Olympic Glory: Abebe Bikila

Friday 27th July 2012. A date to remember. It has been a fifty-four year wait for London and now the Olympic opening ceremony is only hours away; the world waits in anticipation for the greatest sporting spectacle of all. If you are one of the many fans hoping for time to pass quickly so that the ceremony can begin, here’s a story to inspire you all.

When I sat down to watch The Athlete (2009), a film that depicts the life of the Ethiopian marathon runner Abebe Bikila, I knew that the two-time Olympic gold medalist would have an incredible sporting story to tell but his remarkable personal tale should inspire us all.

Abebe Bikila winning in Rome 1960
Source: ethiozoo.com

When an Olympic film comes out of Hollywood, the uplifting soundtrack, exaggerated highs and lows, and expectations of a whole nation are always trademark features. In Davey Frankel’s film though, the story is more subtle.

Rather than showing Bikila’s defining Olympic moment in Rome 1960, the film is a reminiscent tale that depicts a comparatively low-key period in the runner’s career. Bikila is already a two-time Olympic gold medalist but has recently lost at the Mexico City Olympics in 1968. He is barely being considered for the following games in Munich.

It is during this lull in Bikila’s career that the audience is taken back, with real footage, to his astonishing barefooted victory in Rome 1960. Having been a last minute replacement in the Ethiopian team, Bikila could not race in the shoes that he had been given. They were painful to wear and so he stepped up to the starting line as the only barefooted athlete. The world was stunned as he raced to victory with a world record time of 2:15:16 .

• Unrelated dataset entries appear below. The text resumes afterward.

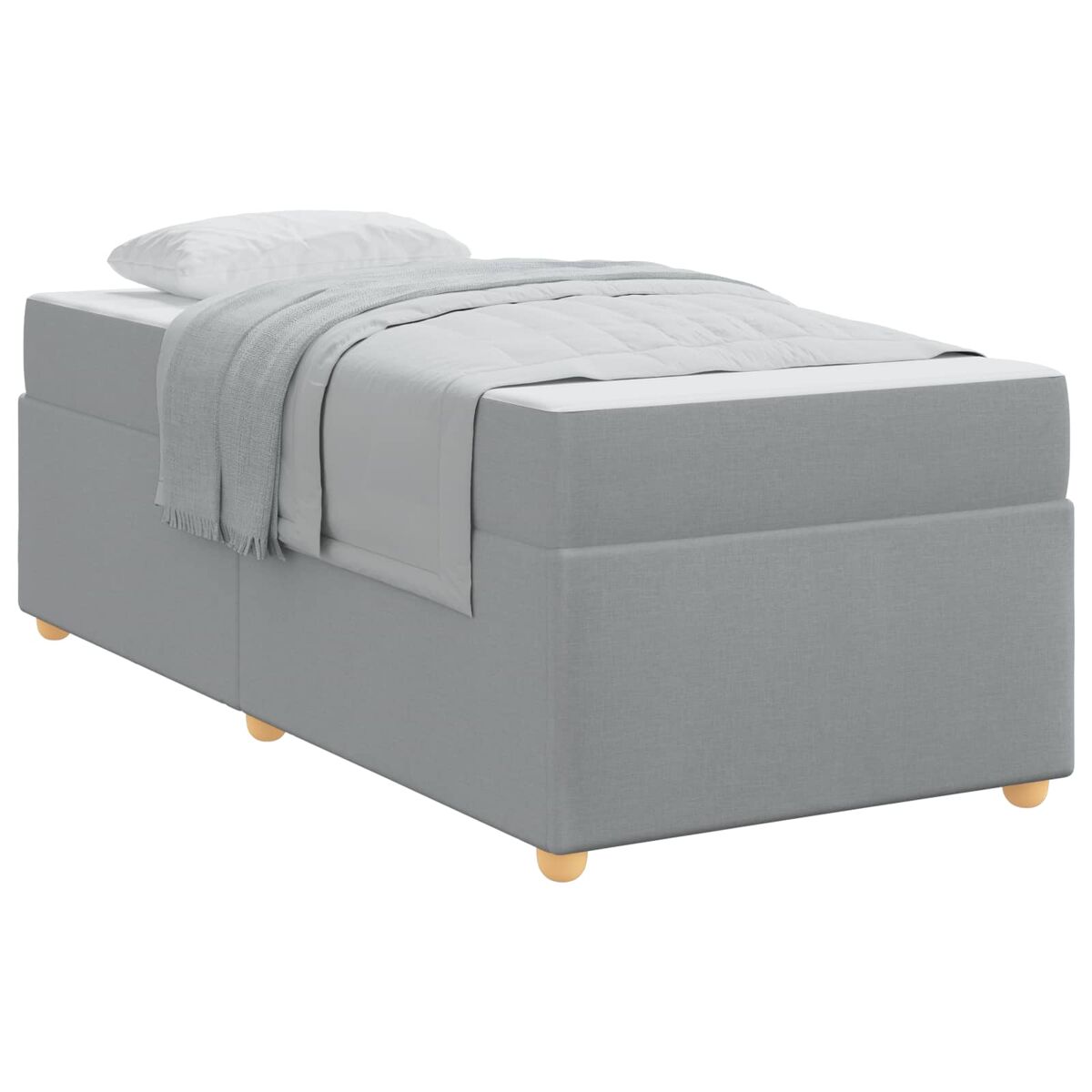 Estrutura de cama de solteiro design com colchão cinzento-claro 80 x 200 cm tecido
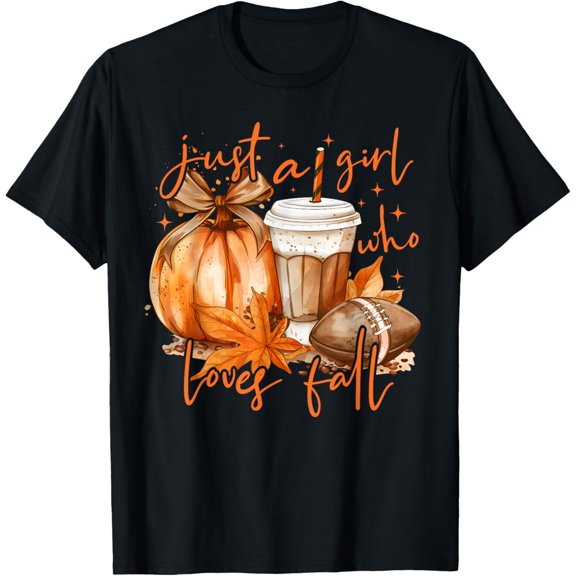 Just A Girl Who Loves Fall Coquette Pumpkin Season Football T-Shirt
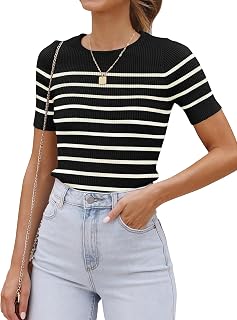 ZESICA Women's Crew Neck Short Sleeve Striped Summer Ribbed Top Slim Fit Casual Basic Tops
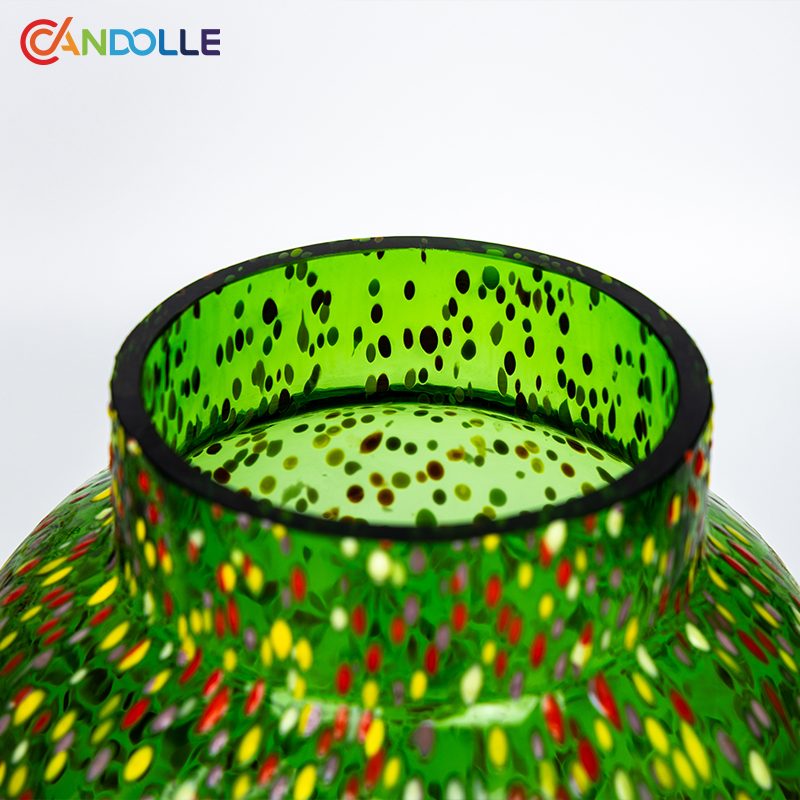 Large Capacity Speckled Glass Vase Hand Blown Decorative Centerpiece Large Capacity Speckled Glass Vase Hand Blown Decorative Centerpiece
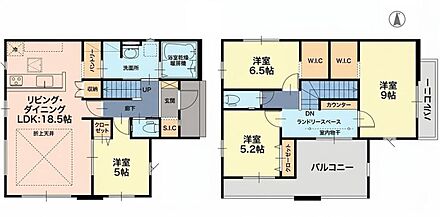 ☆LDK18.5帖＋洋室5帖♪収納充実の4LDK☆
WIC・SIC・パントリーを備え、収納場所を確保！
2階ホールにはカウンターとランドリースペースがあり、家事や作業にも活躍☆バルコニーも2か所設けています♪ 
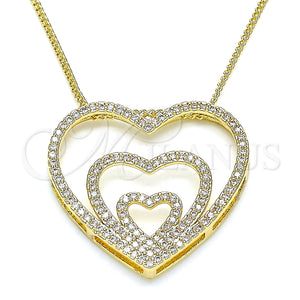 Collares con Dije 04.156.0219.20 Oro Laminado, Diseño de Corazón, con Blanca Micro Pave, Pulido, Tono Dorado (02 MM Thickness, 20 Inches Length)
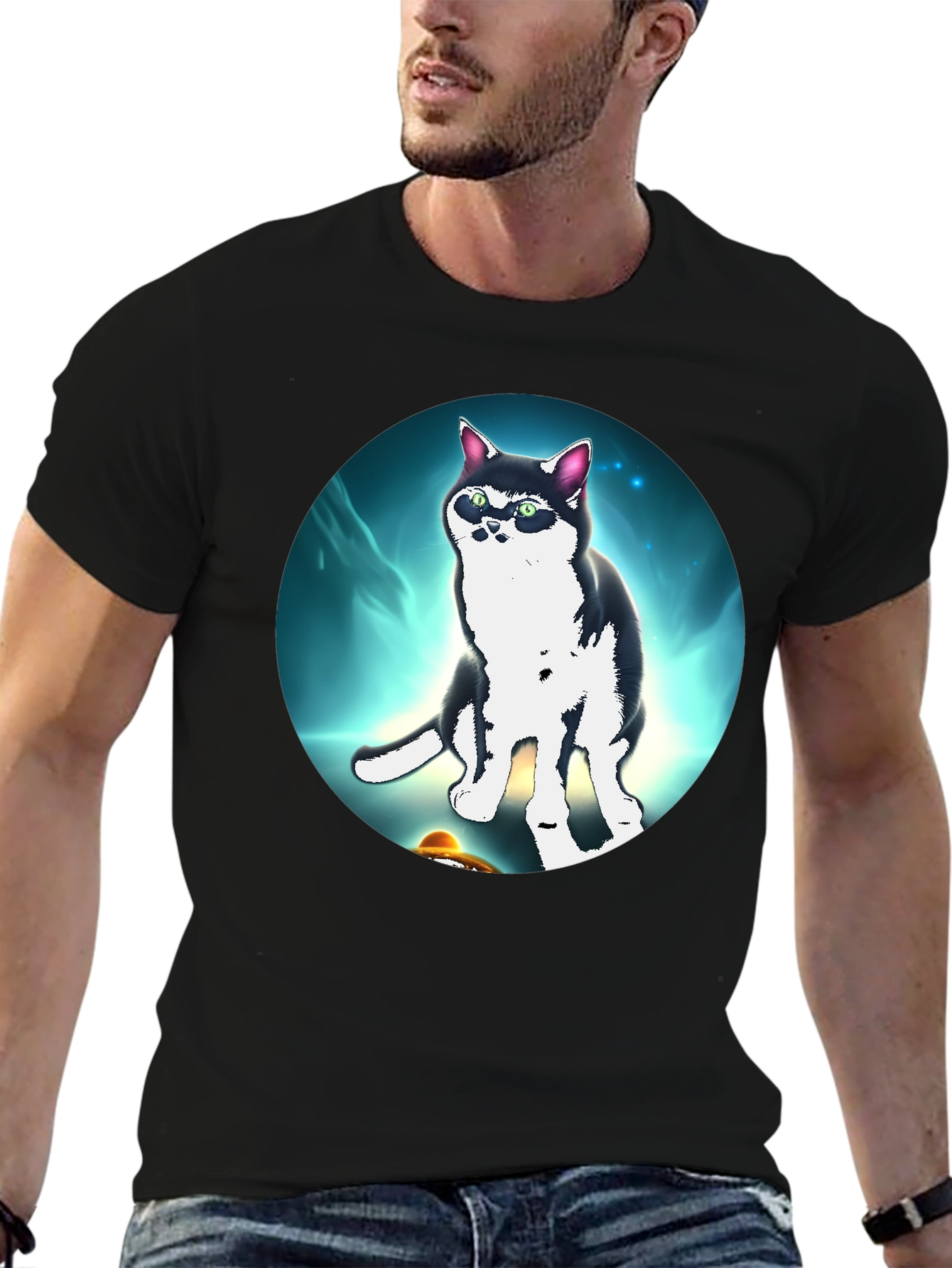 Cool Cat UFO Graphic Black T-Shirt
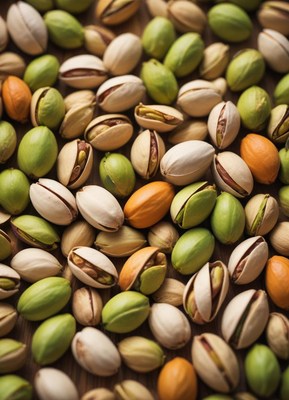 A close-up of pistachios, ready to eat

This victory was significant for spectators back home, as Bikila won Ethiopia’s first Olympic medal in the nation that had conquered their own only 24 years earlier. He was also the first African athlete to win an Olympic marathon.

 

“I wanted the world to know that my country, Ethiopia, has always won with determination and heroism” Abebe Bikila in Rome 1960.

 

However, the film’s audience is not introduced to a jubilant Olympic athlete but instead a man that is fighting a personal struggle to compete again. This is what makes The Athlete (2009) stand out. The film gives an honest reflection of the personal drive of an athlete in competition. Of course, they are aware and proud of competing for their country but athletes have a selfish will to win. 

In this way, his struggle to compete in Munich is one that many athletes who compete at these high profile events must go through. They want to win, not for their nation but to fulfil their personal ambition and this should be respected. 

Nothing reflects the spirit of Abele Bikila more than his reaction to his car crash. Now paralysed, his ambition to compete again does not waver. Confined to a wheelchair, Bikila is determined to recover.

 

 

During this time we are shown images from his second Olympic title, which makes his story even more astonishing. He was the first man to retain a marathon title in Tokyo 1964 and managed to do so after recovering from surgery of the appendix just weeks before the event. It was here that he cemented his status as an Olympic legend.

The film shows Bikila as a true symbol of courage and determination before his death in 1973. It is a poignant scene when he competes for one last time as a para-athletic competitor in Norway 1970. 

Abebe Bikila will long be remembered as one of the greatest marathon runners of all time and has influenced many of the African athletes that race today. The film is an understated tribute to the man that helped to inspire a new generation of marathon runners. Perfect viewing for anyone wanting to capture the Olympic spirit.